Subject: I have found a CD that I think you would enjoy
"The New One!" Could Be the Best One!
mj5 | Harrisburg, PA USA | 09/30/2001
(5 out of 5 stars)
"I've been playng this album for nearly 30 years, first vinyl and now CD. I'd have to say that, as an album, this is the best one Buddy ever made in terms of the quality of the material, the band, and the production. This was the third of I believe six albums Buddy did for Pacific Jazz from 1966-70, and the folks there really knew how to capture a big band performance. What's remarkable here is that, unlike the other five PJ albums, this one was recorded entirely in the studio, where it can be difficult to capture the spontaneity and electricity more common during a live performance. Of course, a lot of that is attributable to the musicians themselves. This could be "the best band he ever had." Standout soloists include the great Ernie Watts on alto, Chuck Findley on trumpet, and Jay Corre, one of my favorite tenors. Jay not only had the technique, but played with such a depth of feeling, he could send chills down your spine. (According to the liner notes, Buddy actually cried during Jay's rendition of "I Can't Get Started.") A tremendous talent. I don't know whatever happened to him - he sort of disappeared after this date. And of course, there's the incomparable Buddy Rich. Save for "Diabolus," he doesn't take many extended solos, and that's fine because it showcases this wonderful band as a whole, spurred on by his relentless driving beat.As for the tunes, there is not a bum in the lot. Buddy's band played a lot of charts equal to or greater than those here, but on his other albums, the quality is more hit-or-miss, particularly during the RCA years in the 70's when most of the bands were abandoning straight-ahead swing for rock and funk. I believe that this album marks the first appearance of Don Piestrup's charts ("New Blues" and "Group Shot"). I did a tiny bit of composing way back when, and Don was a big influence. He wrote great lush, sometimes dissonant chords and tight harmonies in most of his work.Like a few other reviewers have said, the bonus tracks are always welcome. Most of them here are alternate takes, and you can see why. (They're all good - just not as good as the ones released.) One particular standout is the previously unreleased "Old Timey," which will leave you wondering why that one was left on the cutting room floor.If you are just discovering Buddy Rich, this CD is a great place to start. If you could only have one Buddy Rich CD, this is definitely the one!"

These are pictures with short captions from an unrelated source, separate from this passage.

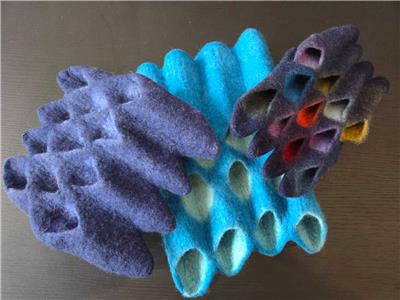 Examples Vrouw Wolle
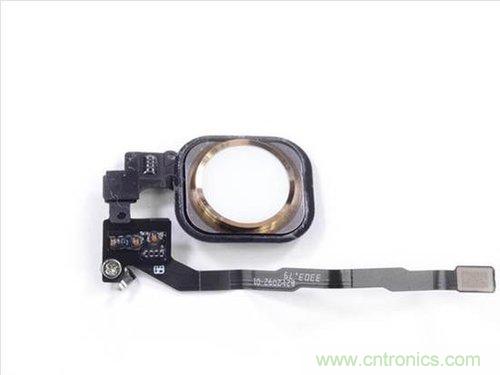 土豪金iPhone 5S拆解：內(nèi)部結(jié)構(gòu)升級(jí)，維修難度增加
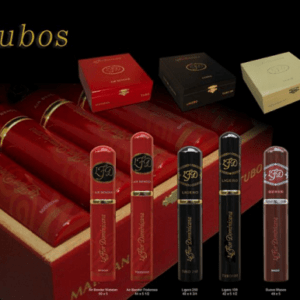 La Flor Dominicana Insurrectos Suave Tubos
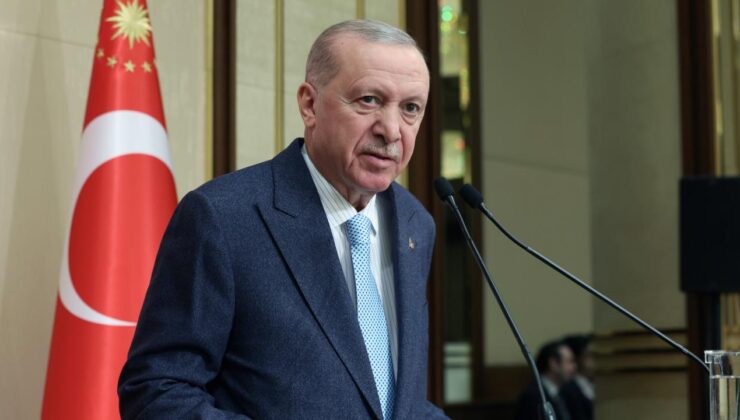 Cumhurbaşkanı Erdoğan, Irak Başbakan Adayı Zeydi ile görüştü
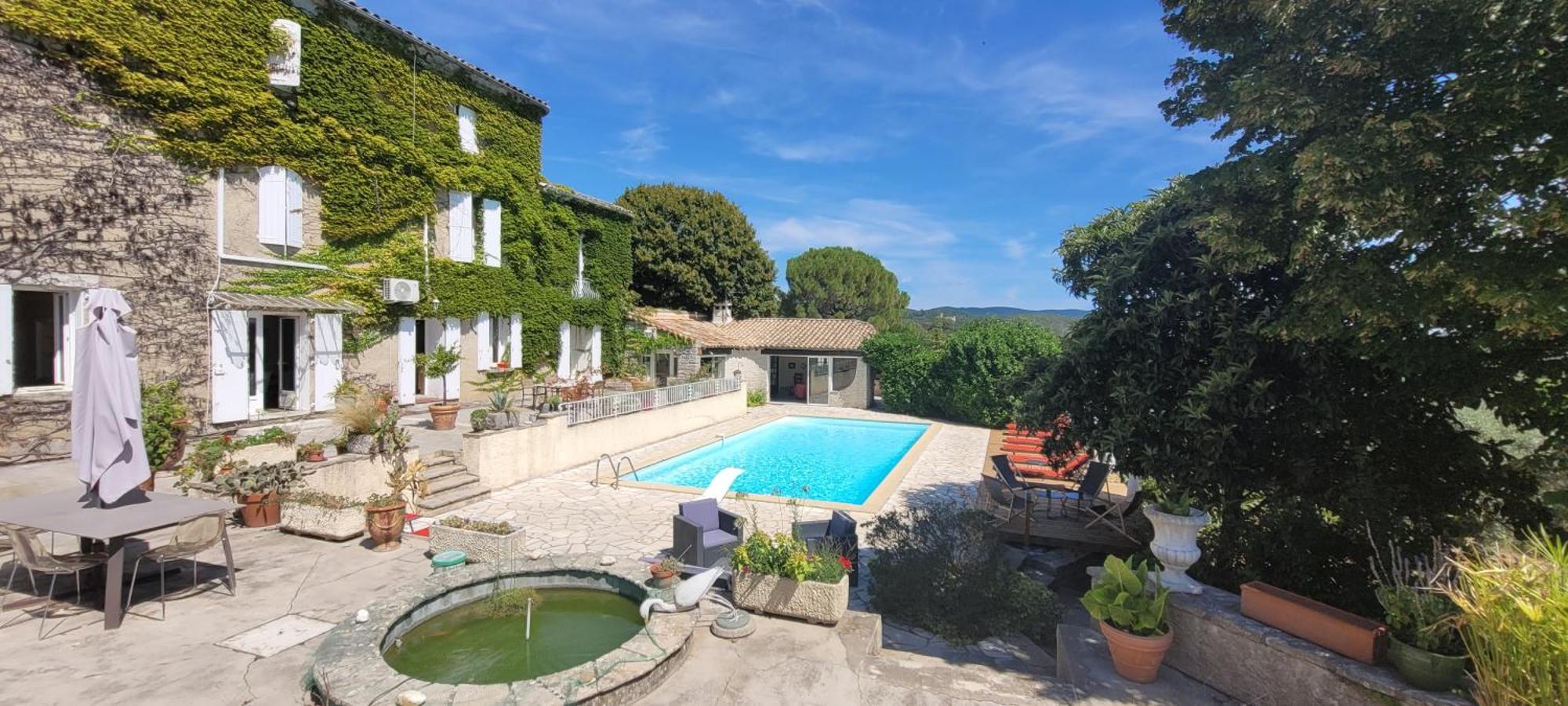 Le Domaine Du Soulier -Gite Et Chambres D'Hotes - La Maison Du Gardien Tornac Eksteriør bilde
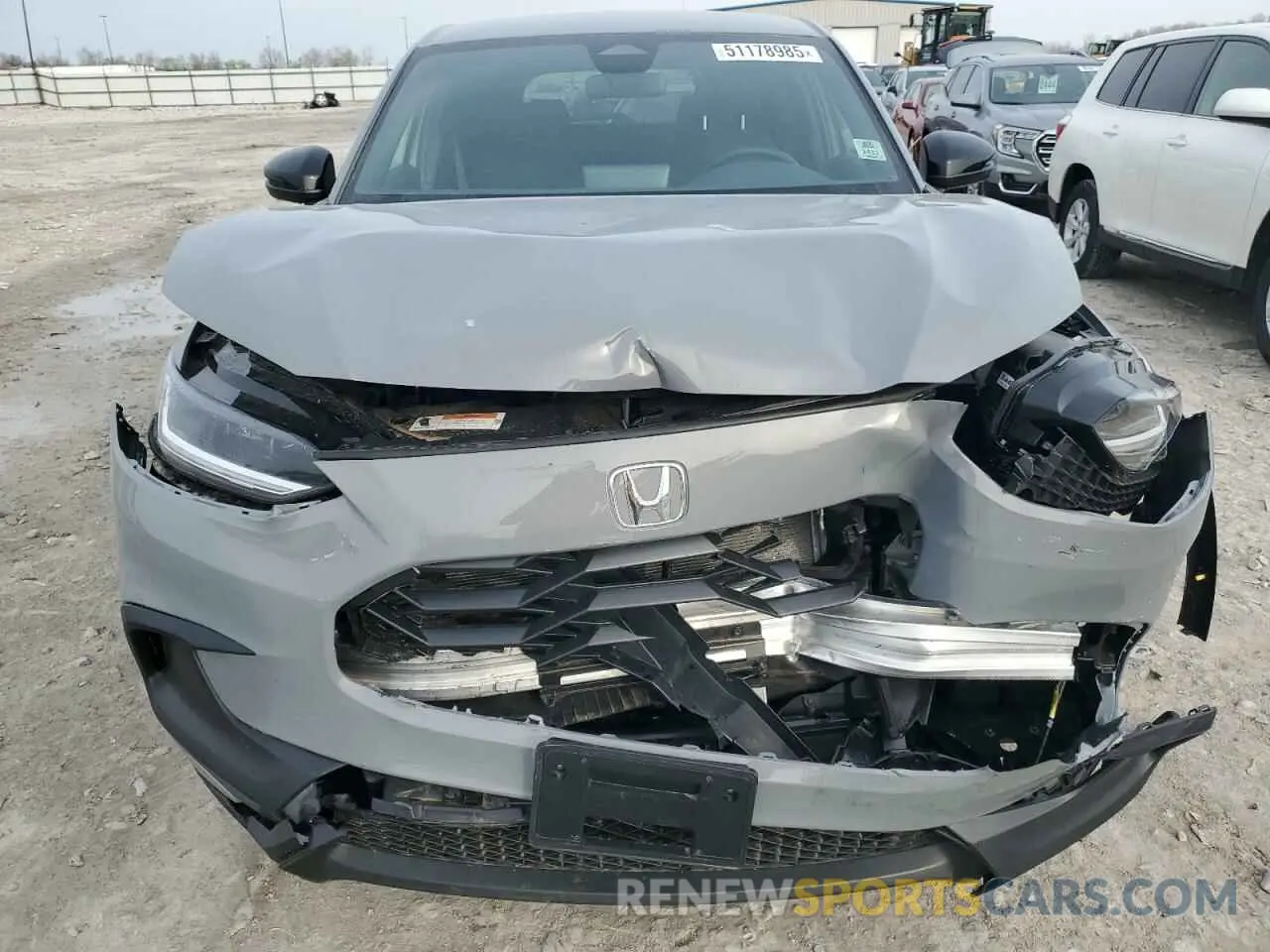 5 Photograph of a damaged car 3CZRZ2H54SM750942 HONDA HR-V 2025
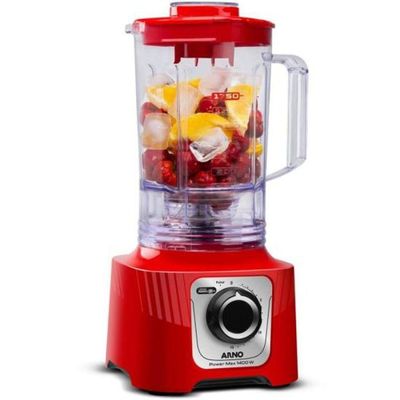 Liquidificador Arno Power Max 1400W Vermelho 110V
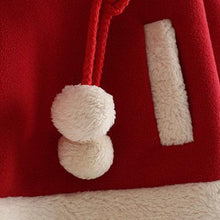 Load image into Gallery viewer, New Year Baby Girls Christmas Reindeer hooded Coat for Babies Boys and Girls In Modern New elegant Design Special Deisgn For Kids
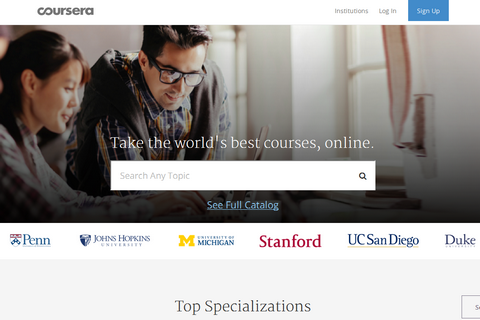 Coursera получила разрешение на работу в Крыму вопреки санкциям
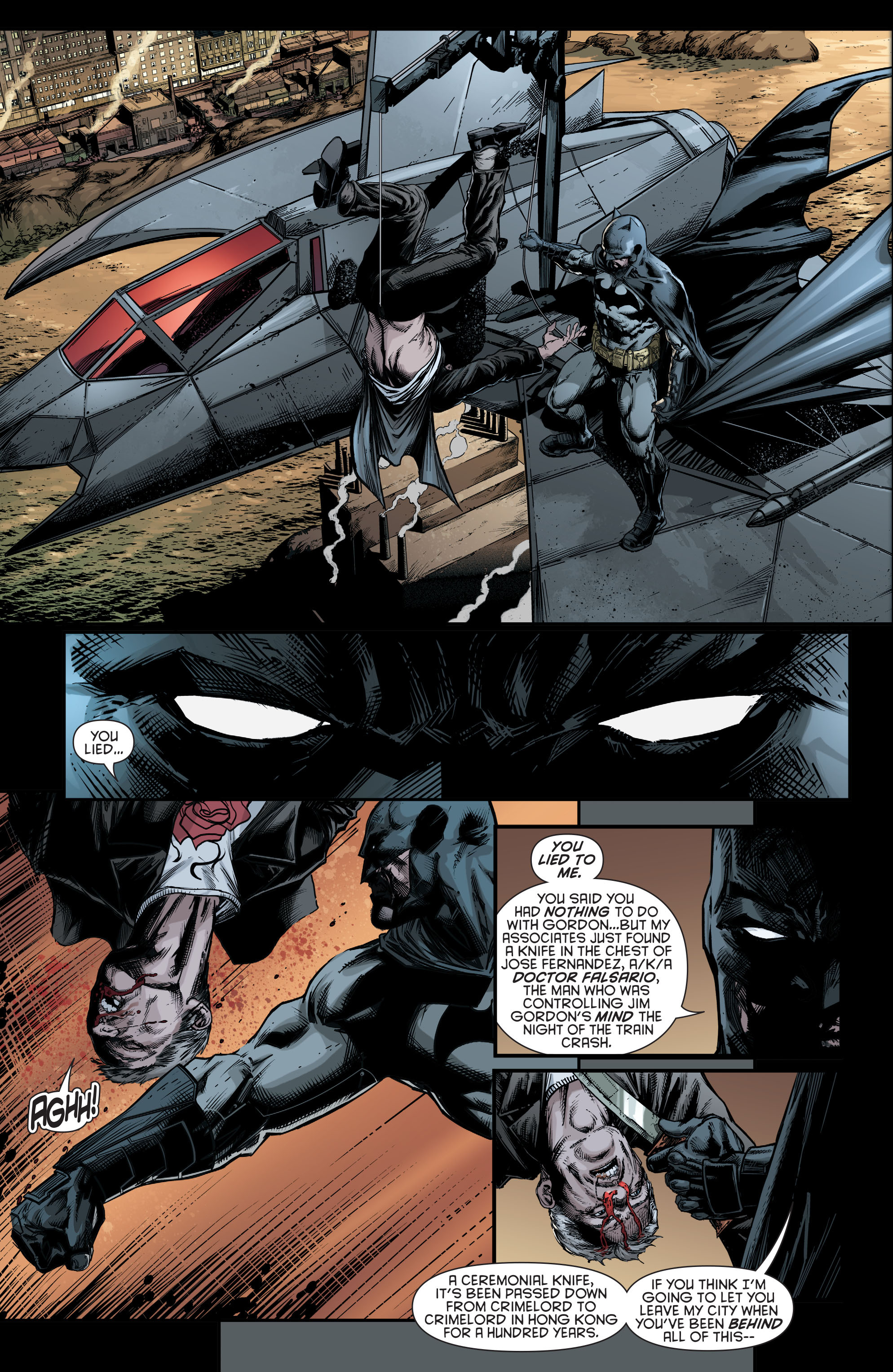 Read online Batman Eternal comic -  Issue # _TPB 1 (Part 5) - 22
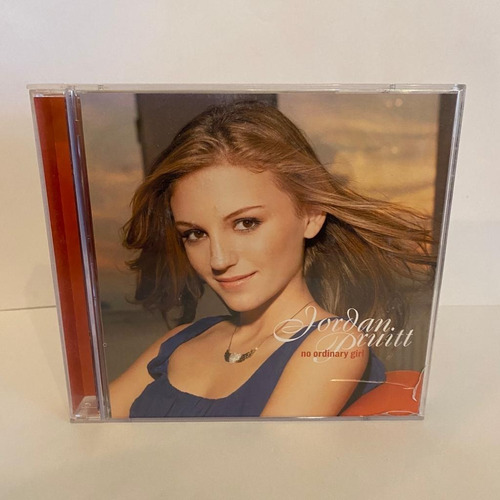 Jordan Pruitt  No Ordinary Girl Cd Jap Obi Usado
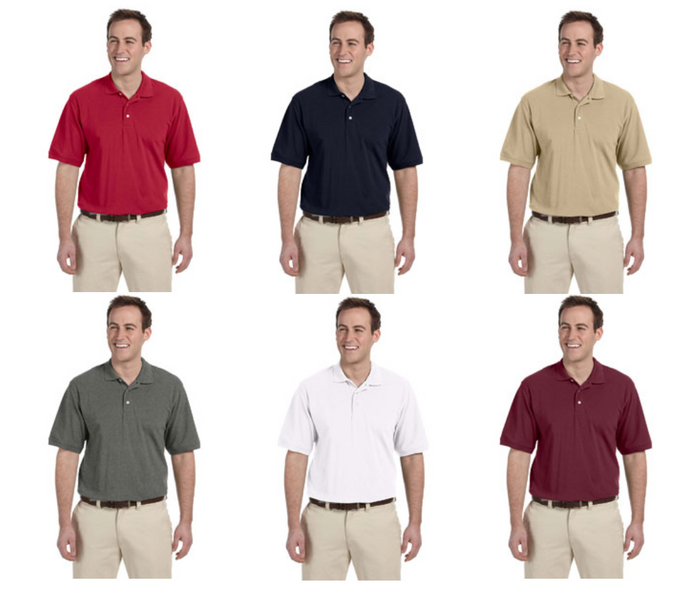 Cadillac 1955-1956 Cotton Blend Polo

Landmark Recording For Buddy Rich
andrew i. chaplowitz | springfield, nj United States | 07/22/2001
(4 out of 5 stars)
"even the hard core be-bop critics like this one. they had complained of prior albums being pop-heavy and retro-swing. And those who thought Buddy couldn't handle odd time signatures, well, listen to Diabolus! The exchanges at the end defy description. Like many other drummers, I found myself slowing the turntable down to 16 rpms to find out what the heck was going on. He was inserting ruffs and frills in between the triplets! Unreal. Also notable for his only recording with Fibes brand drums"
Away we really go!
H D. MEIJ | Jipsinghuizen, Holland | 02/24/2003
(5 out of 5 stars)
"This is the Buddy Rich band at his peak. Excellent numbers from his 1967 "Away we go" TV series period with co-star Buddy Greco.
Great side-man like Jay Corre and Ernie Watts. I met Jay Corre in Amsterdam , he still blow off the roof!
My first choice for any Buddy Rich album!"